The Early Modern Space: (Cartographic) Literature and the Author in Place

Myers, Michael C. 01 January 2015 (has links)
In geography, maps are a tool of placement which locate both the cartographer and the territory made cartographic. In order to place objects in space, the cartographer inserts his own judgment into the scheme of his design. During the Early Modern period, maps were no longer suspicious icons as they were in the Middle Ages and not yet products of science, but subjects of discourse and works of art. The image of a cartographer’s territory depended on his vision—both the nature and placement of his gaze—and the product reflected that author’s judgment. This is not a study of maps as such but of Early Modern literature, cartographic by nature—the observations of the author were the motif of its design. However, rather than concretize observational judgment through art, the Early Modern literature discussed asserts a reverse relation—the generation of the material which may be observed, the reality, by the views of authors. Spatiality is now an emerging philosophical field of study, taking root in the philosophy of Deleuze & Guattari.

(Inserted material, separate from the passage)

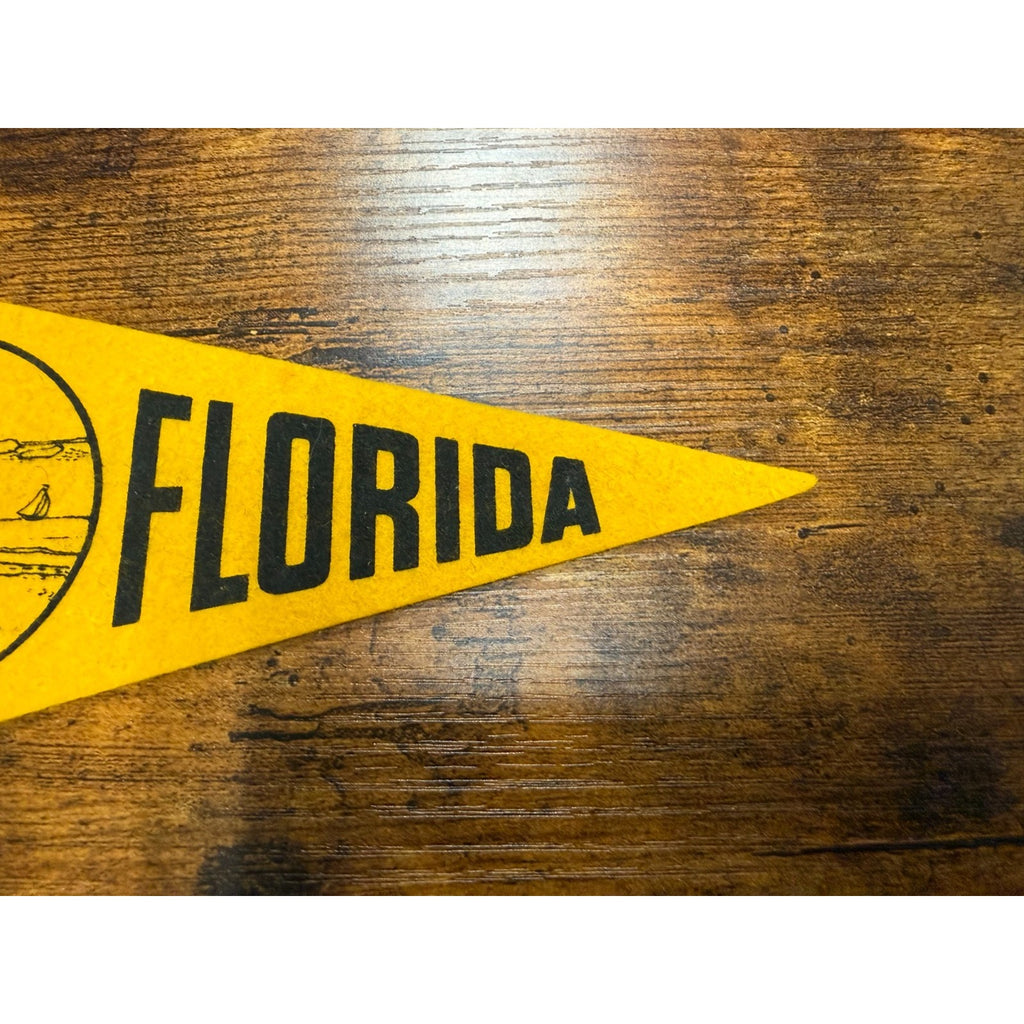 Vintage Florida mini pennant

Using the notion prevalent in both Postmodern and Early Modern spatiality, which makes of perception a collective delusion with its roots in the critique of Kant, this thesis draws a through-line across time, as texts such as Robert Burton’s An Anatomy of Melancholy, Thomas More’s Utopia, and selections from William Shakespeare display a tendency to remove value from the standard of representation, to replace meaning with cognition and prioritize a view of views over an observable world. Only John Milton approaches perception as possibly referential to objective reality, by re-inserting his ability to observe and exist in that reality, in a corpus which becomes less generative simulations of material than concrete signposts to his judgment in the world.